Distance: 5.45 miles round trip
Elevation Change: 833 feet
Temperature day of hike: 60 degrees in the shade
Directions: Take the 5 to the Los Feliz Boulevard exit. Drive west on Los Feliz Blvd. to the first light and turn north on Crystal Springs Road. Drive north for 1.3 miles and turn left at the intersection following signs for the merry-go-round. Drive up the hill for a quarter mile and turn right at the barricade in the road into the parking lot. For GPS directions use, Trailhead address: Crystal Springs Drive & Fire Road, Griffith Park, Los Angeles, CA 90027.

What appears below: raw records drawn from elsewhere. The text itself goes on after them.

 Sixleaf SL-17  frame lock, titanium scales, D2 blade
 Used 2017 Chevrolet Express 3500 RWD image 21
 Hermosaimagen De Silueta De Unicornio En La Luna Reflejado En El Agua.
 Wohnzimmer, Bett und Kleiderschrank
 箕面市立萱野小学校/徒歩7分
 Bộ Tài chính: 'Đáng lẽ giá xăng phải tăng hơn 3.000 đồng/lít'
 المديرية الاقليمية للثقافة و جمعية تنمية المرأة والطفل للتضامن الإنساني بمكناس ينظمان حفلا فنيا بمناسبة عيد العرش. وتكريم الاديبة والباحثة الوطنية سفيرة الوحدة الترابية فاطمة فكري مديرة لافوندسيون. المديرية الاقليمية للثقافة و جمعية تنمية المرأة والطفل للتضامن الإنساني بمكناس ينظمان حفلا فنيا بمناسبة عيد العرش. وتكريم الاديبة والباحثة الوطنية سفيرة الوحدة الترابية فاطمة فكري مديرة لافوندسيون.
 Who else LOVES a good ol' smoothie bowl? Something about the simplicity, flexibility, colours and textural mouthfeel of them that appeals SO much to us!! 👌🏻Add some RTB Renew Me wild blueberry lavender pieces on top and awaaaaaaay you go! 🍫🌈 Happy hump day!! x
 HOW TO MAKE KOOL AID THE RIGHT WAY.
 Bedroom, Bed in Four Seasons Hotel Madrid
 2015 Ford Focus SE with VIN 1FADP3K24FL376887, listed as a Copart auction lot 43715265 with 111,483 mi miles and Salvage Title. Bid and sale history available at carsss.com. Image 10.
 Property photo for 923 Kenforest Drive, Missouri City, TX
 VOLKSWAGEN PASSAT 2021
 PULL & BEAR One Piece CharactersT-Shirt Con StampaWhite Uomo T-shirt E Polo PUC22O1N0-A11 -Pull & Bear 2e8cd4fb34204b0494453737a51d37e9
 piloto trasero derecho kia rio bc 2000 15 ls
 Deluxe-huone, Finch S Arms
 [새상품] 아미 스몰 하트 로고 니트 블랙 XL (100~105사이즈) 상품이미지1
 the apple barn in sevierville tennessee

Abby: Since our first two hikes were both in Malibu with incredible beach views, we thought we’d switch it up and find an inland trail. One of my favorite hikes has always been at Griffith Park, but each time I’ve climbed I’ve started at the Observatory, and gone up from there. This time, we drove behind the mountain (where there is a zoo, pony rides, and a merry-go-round by the way) and decided to start from that side. Sasha had done most of (all of) the research on this hike, so I really didn’t know what was about to happen. As we parked, she mentioned that it seemed pretty complicated, so we took screen shots of the trail we wanted to attempt before heading toward the trailhead.
Sasha: I felt like I needed to do more research before we started this hike, as there are over 50 miles of trails at Griffith Park and I have spent very little time on any of them. I’m into hikes with a nice payoff moment, and since we weren’t going to be getting any ocean views, I needed to hit at least one Griffith landmark. When I stumbled across this 3.8 mile hike, which takes you to the top of Bee Rock and through the old Zoo grounds, I felt like I hit the jackpot. I was slightly disappointed by the light mileage, but figured we could choose to extend on one of many trails afterwards if we decided we wanted to. Abby and I had joked that a theme of our hikes has been “how do we make this harder,” so I knew she would be game to explore other options.
When we first drove into the parking lot for the Merry-Go-Round, we were greeted by the sweet sounds of a drum circle. We were a little put off by the crowds of families, but quickly noticed that they seemed to be picnicking in the grassy areas in the shade of the mountains and that the trails seemed less crowded. On our last hike, we’d realized we couldn’t count on cell phone service to pull up directions, so 16 screen shots later, we got out of the car and started towards the path.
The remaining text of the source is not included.